→ **How to complete this task**
For the entries that follow, retype exactly the lines from the one containing "Milo, Lila began, her" to the one containing "You can do the", inclusive, and only those. Images stay out of the copy.

→ **Stored data**
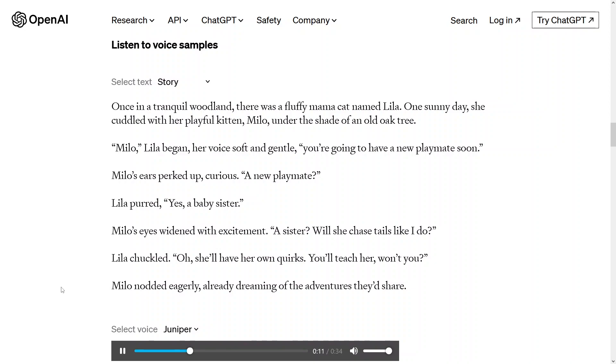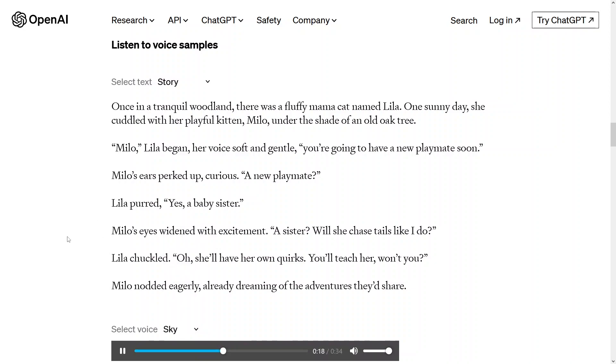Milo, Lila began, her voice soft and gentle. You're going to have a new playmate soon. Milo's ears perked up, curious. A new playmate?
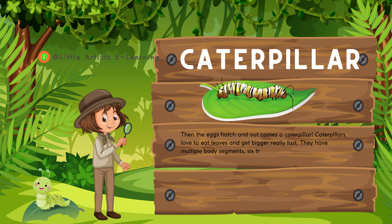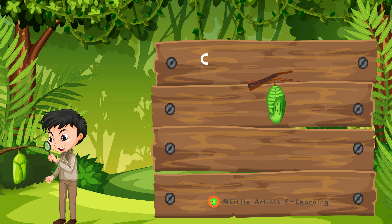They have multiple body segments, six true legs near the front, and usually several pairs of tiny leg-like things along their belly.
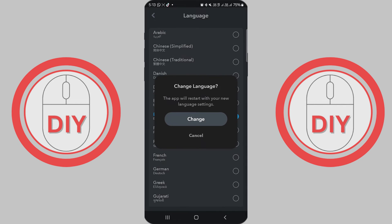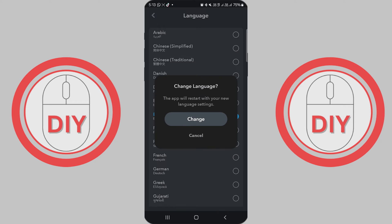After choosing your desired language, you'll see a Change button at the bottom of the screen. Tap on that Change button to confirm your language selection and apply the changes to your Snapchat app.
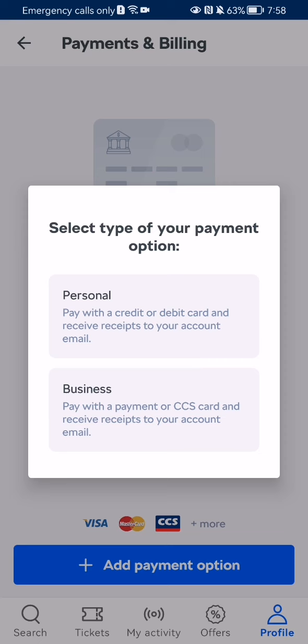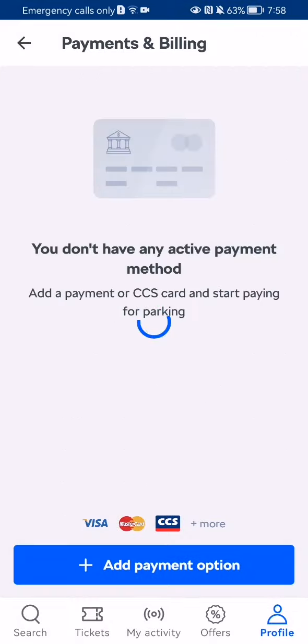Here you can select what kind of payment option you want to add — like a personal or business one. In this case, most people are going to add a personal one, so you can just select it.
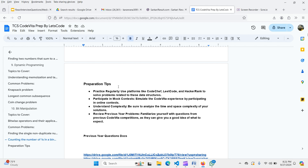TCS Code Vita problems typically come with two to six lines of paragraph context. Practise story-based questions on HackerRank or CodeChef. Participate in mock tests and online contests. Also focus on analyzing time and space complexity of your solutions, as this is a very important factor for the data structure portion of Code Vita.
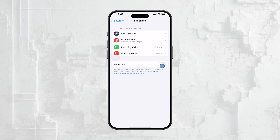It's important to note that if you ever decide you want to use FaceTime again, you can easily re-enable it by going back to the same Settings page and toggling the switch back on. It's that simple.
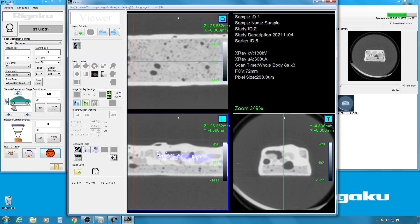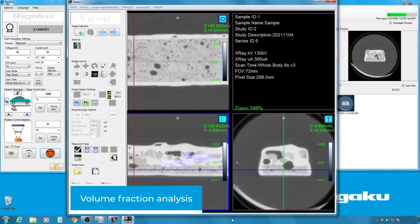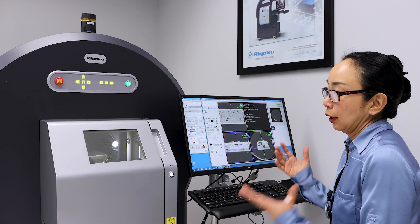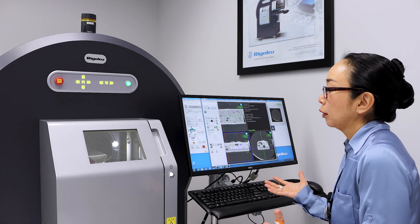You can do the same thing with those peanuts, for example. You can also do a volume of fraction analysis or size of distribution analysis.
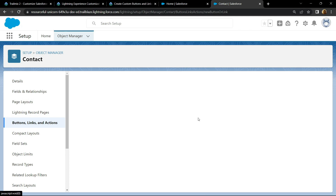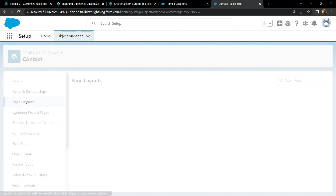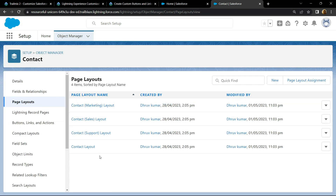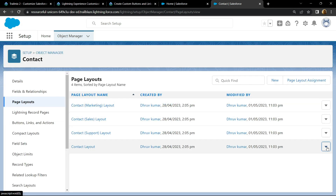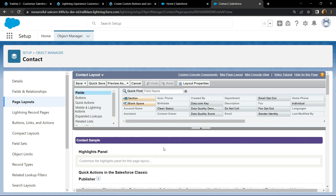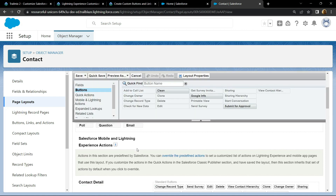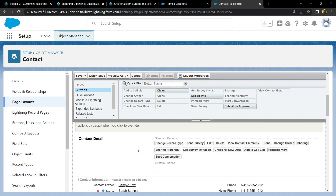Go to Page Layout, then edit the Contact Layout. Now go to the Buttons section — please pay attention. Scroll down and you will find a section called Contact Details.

---

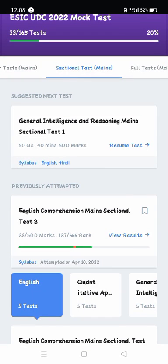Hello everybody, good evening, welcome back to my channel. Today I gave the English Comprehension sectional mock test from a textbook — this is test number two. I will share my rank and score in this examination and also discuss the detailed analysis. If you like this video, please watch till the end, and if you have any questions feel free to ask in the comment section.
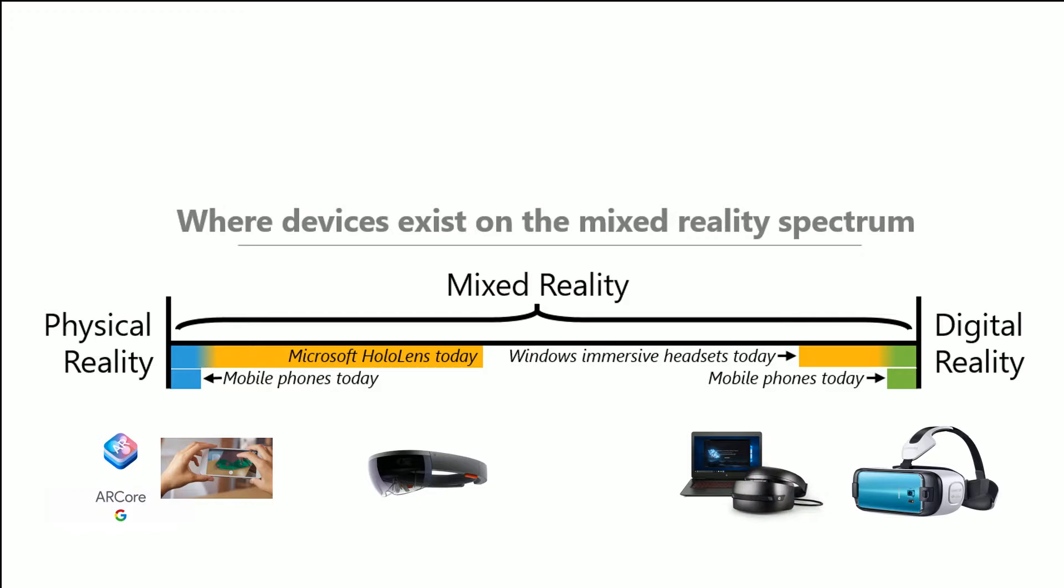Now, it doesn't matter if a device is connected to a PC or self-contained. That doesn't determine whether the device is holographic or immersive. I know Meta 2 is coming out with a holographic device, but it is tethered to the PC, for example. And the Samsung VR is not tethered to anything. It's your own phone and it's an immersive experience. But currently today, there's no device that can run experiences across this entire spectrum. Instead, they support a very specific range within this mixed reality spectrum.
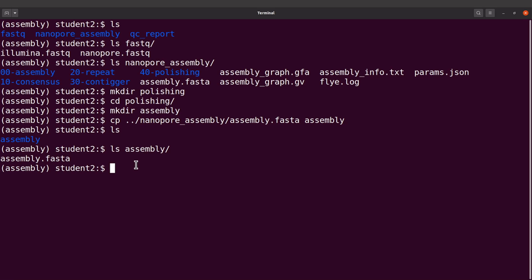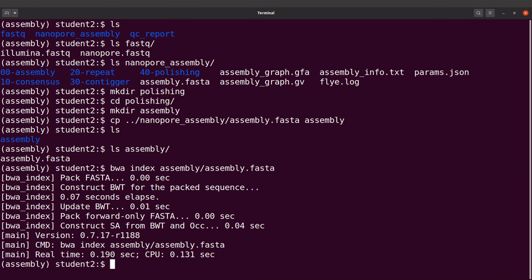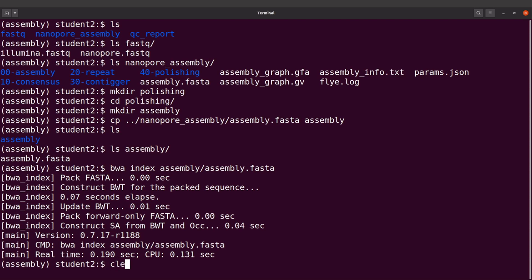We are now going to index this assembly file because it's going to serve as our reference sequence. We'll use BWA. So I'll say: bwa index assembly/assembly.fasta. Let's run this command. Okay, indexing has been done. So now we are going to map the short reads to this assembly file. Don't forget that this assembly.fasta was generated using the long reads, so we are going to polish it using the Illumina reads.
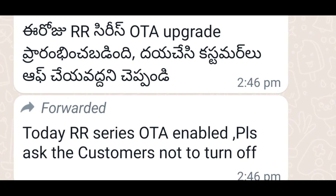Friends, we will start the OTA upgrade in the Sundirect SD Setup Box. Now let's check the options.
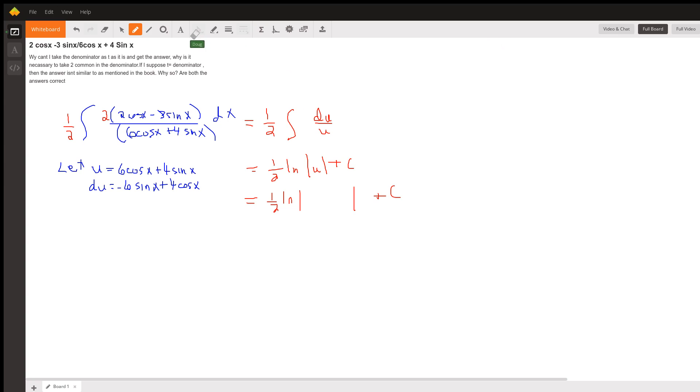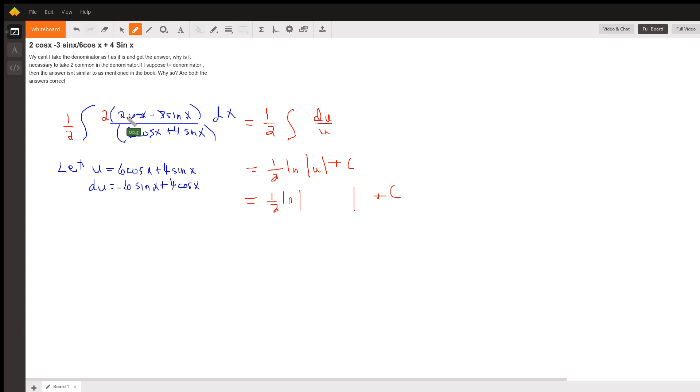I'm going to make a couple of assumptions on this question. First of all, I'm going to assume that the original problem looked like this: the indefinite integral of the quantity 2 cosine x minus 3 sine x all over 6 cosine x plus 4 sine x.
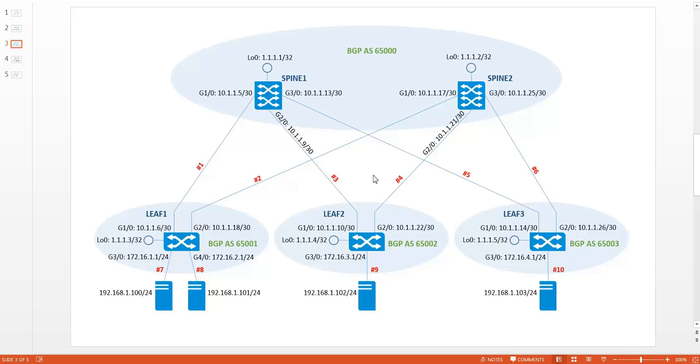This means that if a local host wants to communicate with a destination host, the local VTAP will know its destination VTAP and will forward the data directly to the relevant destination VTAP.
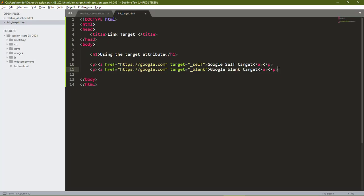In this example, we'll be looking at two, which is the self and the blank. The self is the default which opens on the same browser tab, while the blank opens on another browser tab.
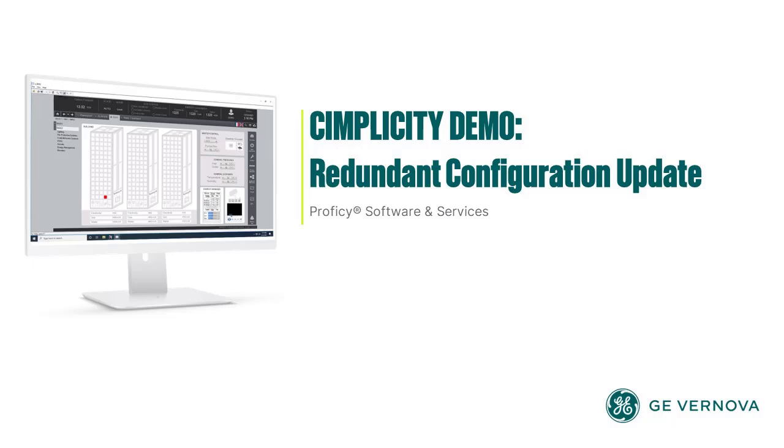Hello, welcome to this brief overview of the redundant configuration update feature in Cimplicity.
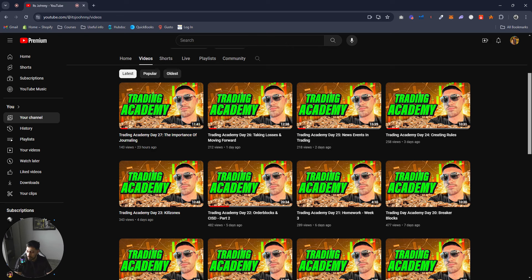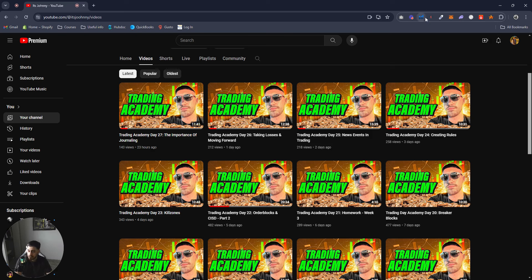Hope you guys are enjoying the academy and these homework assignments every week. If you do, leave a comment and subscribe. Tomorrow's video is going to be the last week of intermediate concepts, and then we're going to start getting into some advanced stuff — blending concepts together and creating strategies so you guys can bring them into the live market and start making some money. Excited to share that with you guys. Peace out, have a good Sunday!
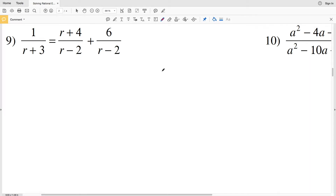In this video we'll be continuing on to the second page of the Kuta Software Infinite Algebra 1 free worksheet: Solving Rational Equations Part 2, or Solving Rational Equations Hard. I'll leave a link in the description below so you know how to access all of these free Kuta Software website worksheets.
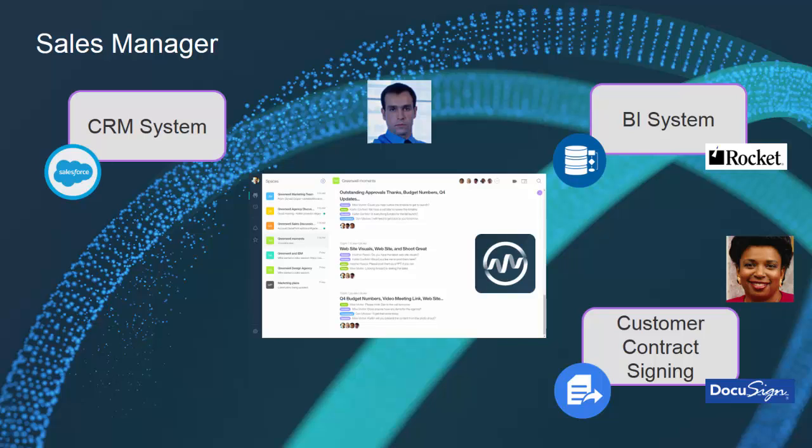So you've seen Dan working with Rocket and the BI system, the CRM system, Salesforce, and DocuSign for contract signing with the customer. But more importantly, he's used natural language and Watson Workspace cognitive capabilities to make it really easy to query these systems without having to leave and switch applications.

→ **Task solution**
Milo, Lila began, her voice soft and gentle. You're going to have a new playmate soon. Milo's ears perked up, curious. A new playmate?
They have multiple body segments, six true legs near the front, and usually several pairs of tiny leg-like things along their belly.
After choosing your desired language, you'll see a Change button at the bottom of the screen. Tap on that Change button to confirm your language selection and apply the changes to your Snapchat app.
Here you can select what kind of payment option you want to add — like a personal or business one. In this case, most people are going to add a personal one, so you can just select it.
TCS Code Vita problems typically come with two to six lines of paragraph context. Practise story-based questions on HackerRank or CodeChef. Participate in mock tests and online contests. Also focus on analyzing time and space complexity of your solutions, as this is a very important factor for the data structure portion of Code Vita.
It's important to note that if you ever decide you want to use FaceTime again, you can easily re-enable it by going back to the same Settings page and toggling the switch back on. It's that simple.
You can do the same thing with those peanuts, for example. You can also do a volume of fraction analysis or size of distribution analysis.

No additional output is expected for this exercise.